Output only the stretch of the listing that starts at the line containing "2 Bedroom House" and ends at the line containing "GettyImages-1182436133 scientist, lab, research, oncology", reproduced exactly with both ends.

**** Information shown

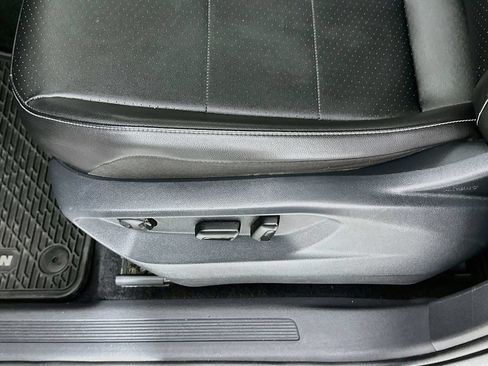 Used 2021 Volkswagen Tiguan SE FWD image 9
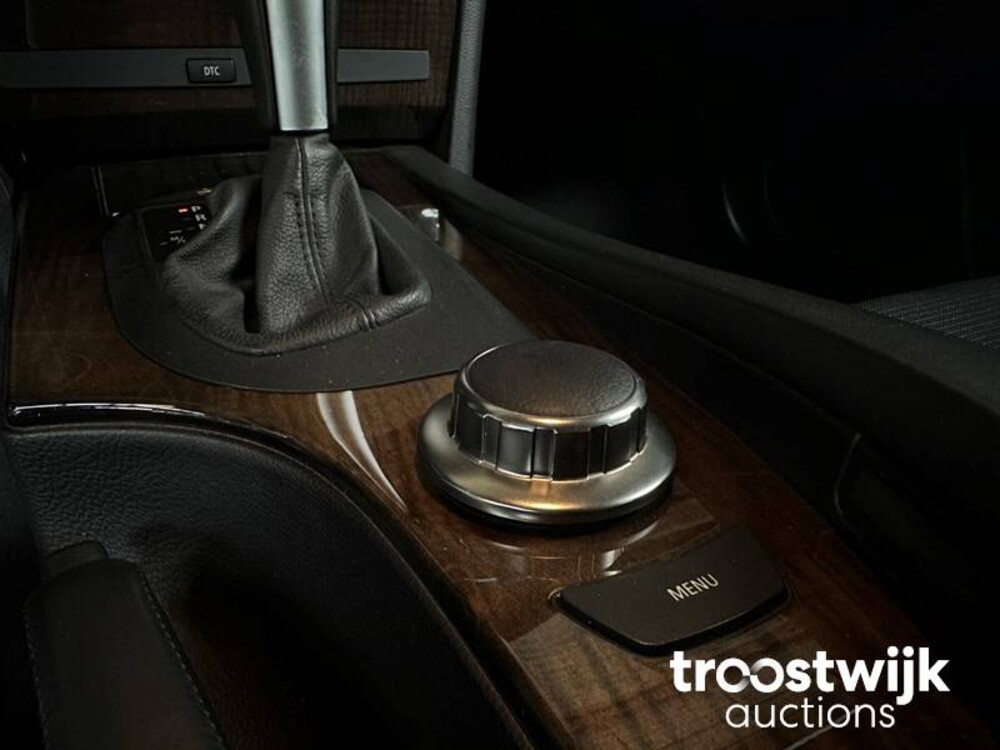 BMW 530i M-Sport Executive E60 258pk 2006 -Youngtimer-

********
**** Information shown

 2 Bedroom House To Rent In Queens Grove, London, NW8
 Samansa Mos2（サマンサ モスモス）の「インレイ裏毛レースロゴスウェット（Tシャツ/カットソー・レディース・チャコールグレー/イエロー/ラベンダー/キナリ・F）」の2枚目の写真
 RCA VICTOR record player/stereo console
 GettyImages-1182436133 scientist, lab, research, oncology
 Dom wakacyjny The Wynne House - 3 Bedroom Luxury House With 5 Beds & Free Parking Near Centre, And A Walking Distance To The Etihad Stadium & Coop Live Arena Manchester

********

§ **Task answer**
 2 Bedroom House To Rent In Queens Grove, London, NW8
 Samansa Mos2（サマンサ モスモス）の「インレイ裏毛レースロゴスウェット（Tシャツ/カットソー・レディース・チャコールグレー/イエロー/ラベンダー/キナリ・F）」の2枚目の写真
 RCA VICTOR record player/stereo console
 GettyImages-1182436133 scientist, lab, research, oncology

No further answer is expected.